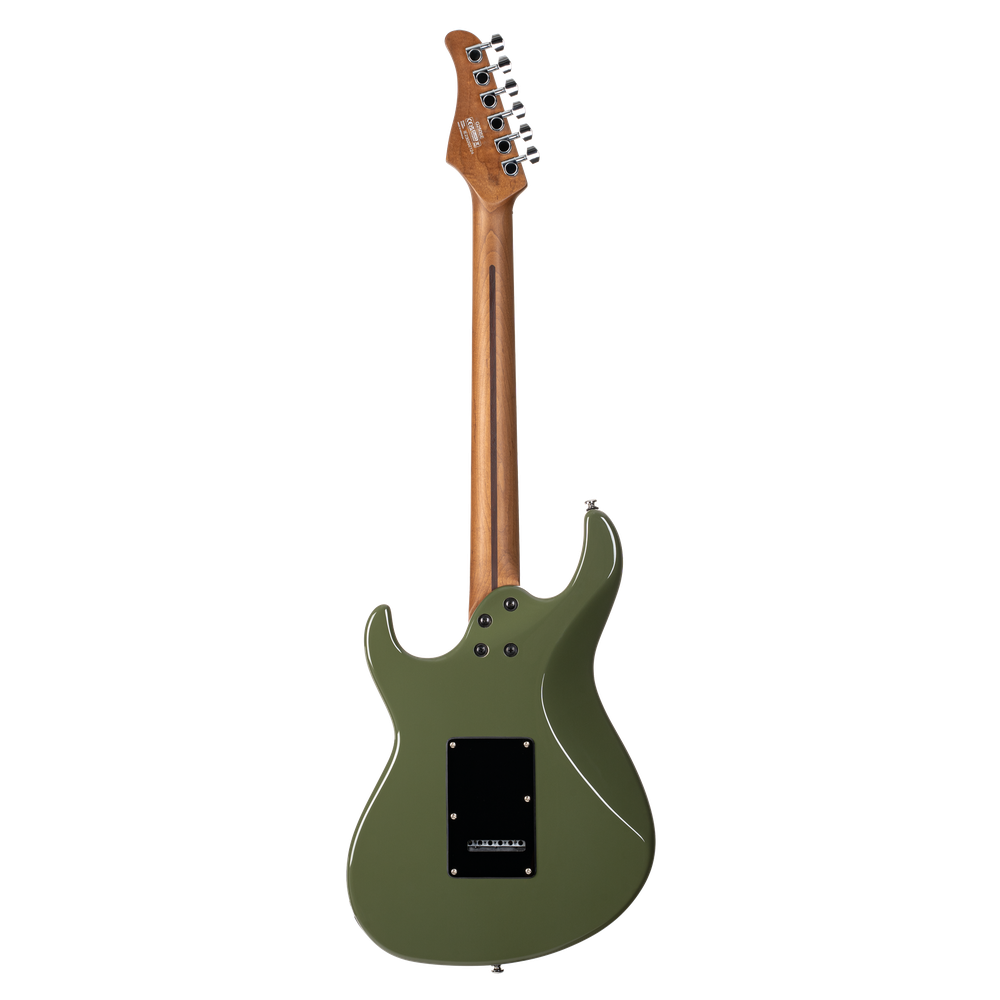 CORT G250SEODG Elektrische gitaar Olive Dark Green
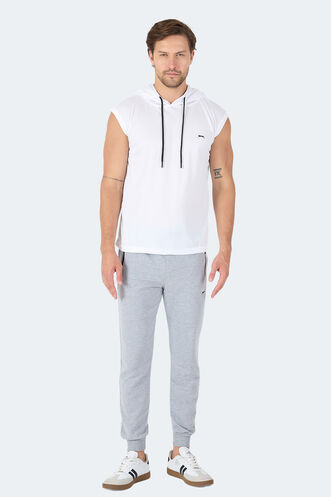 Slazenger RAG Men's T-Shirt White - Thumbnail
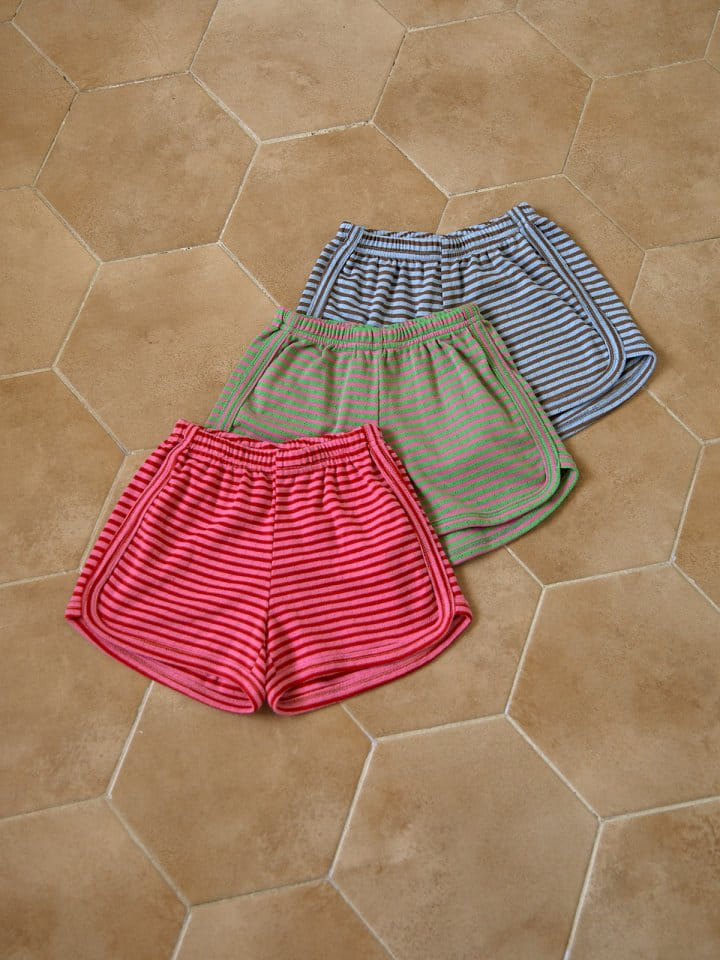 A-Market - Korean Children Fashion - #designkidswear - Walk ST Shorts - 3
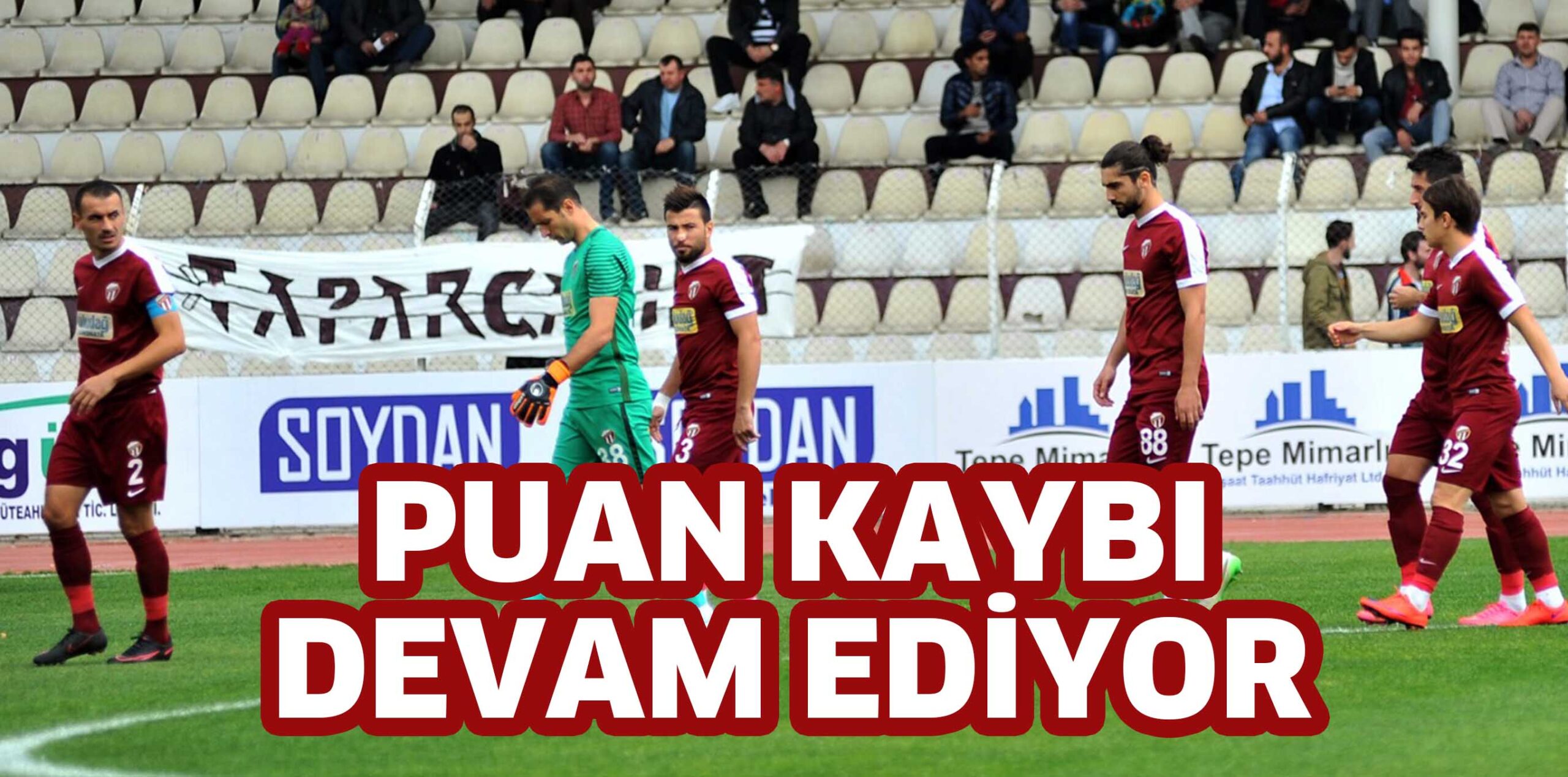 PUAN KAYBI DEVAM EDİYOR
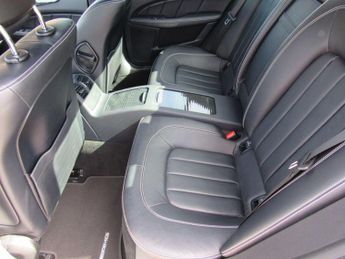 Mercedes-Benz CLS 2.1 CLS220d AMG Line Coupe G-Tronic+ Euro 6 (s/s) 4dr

* * *

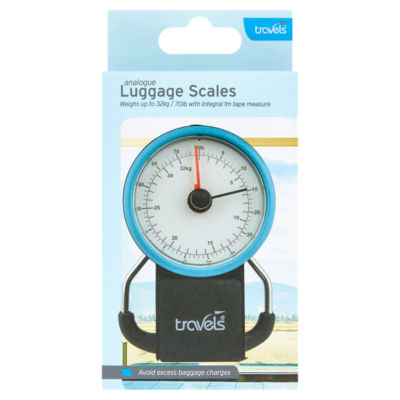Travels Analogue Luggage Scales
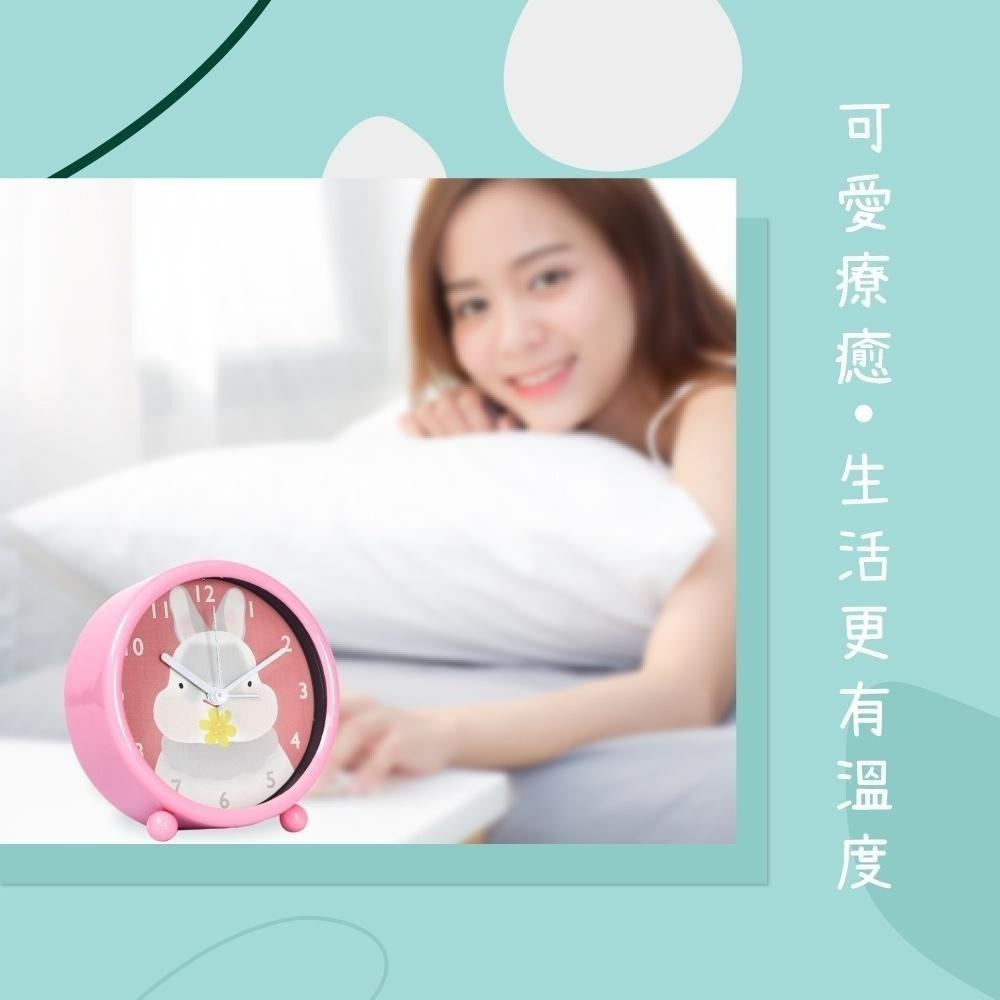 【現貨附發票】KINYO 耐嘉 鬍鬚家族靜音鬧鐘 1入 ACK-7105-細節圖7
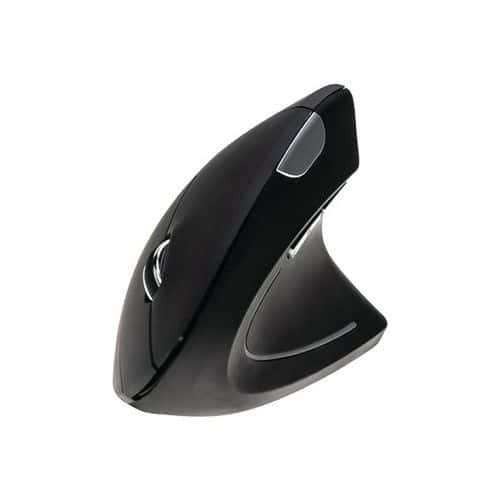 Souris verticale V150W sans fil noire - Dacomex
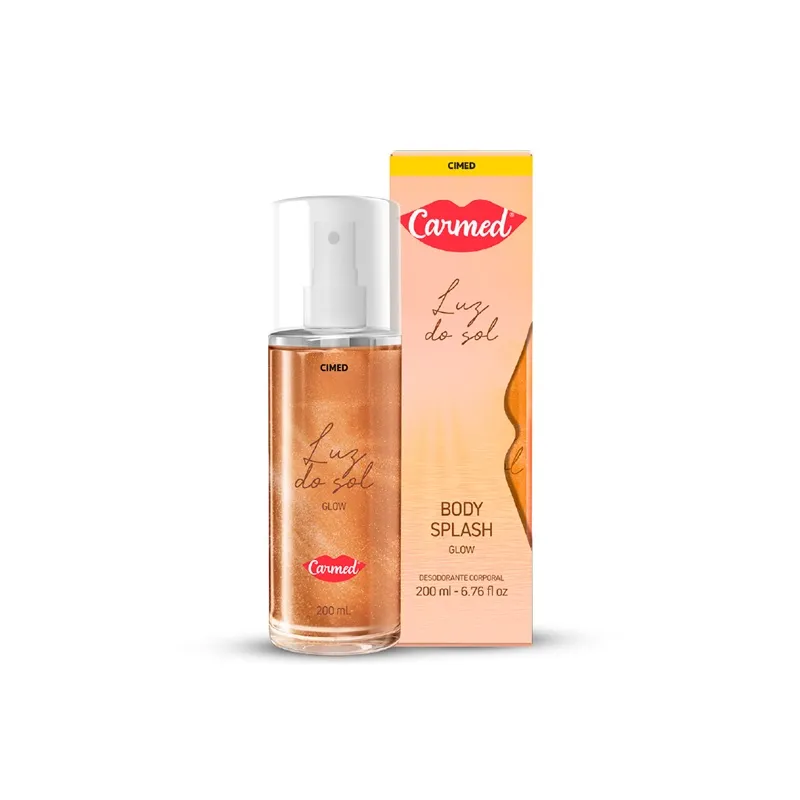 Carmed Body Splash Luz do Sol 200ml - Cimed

• **Task statement**
Your answer must be the exact lines from the records above, from the one containing "Travels Analogue Luggage Scales" through the one containing "Carmed Body Splash Luz do Sol 200ml - Cimed", both included, with every picture left out.

• **Problem solution**
Travels Analogue Luggage Scales
 【現貨附發票】KINYO 耐嘉 鬍鬚家族靜音鬧鐘 1入 ACK-7105-細節圖7
 Souris verticale V150W sans fil noire - Dacomex
 Carmed Body Splash Luz do Sol 200ml - Cimed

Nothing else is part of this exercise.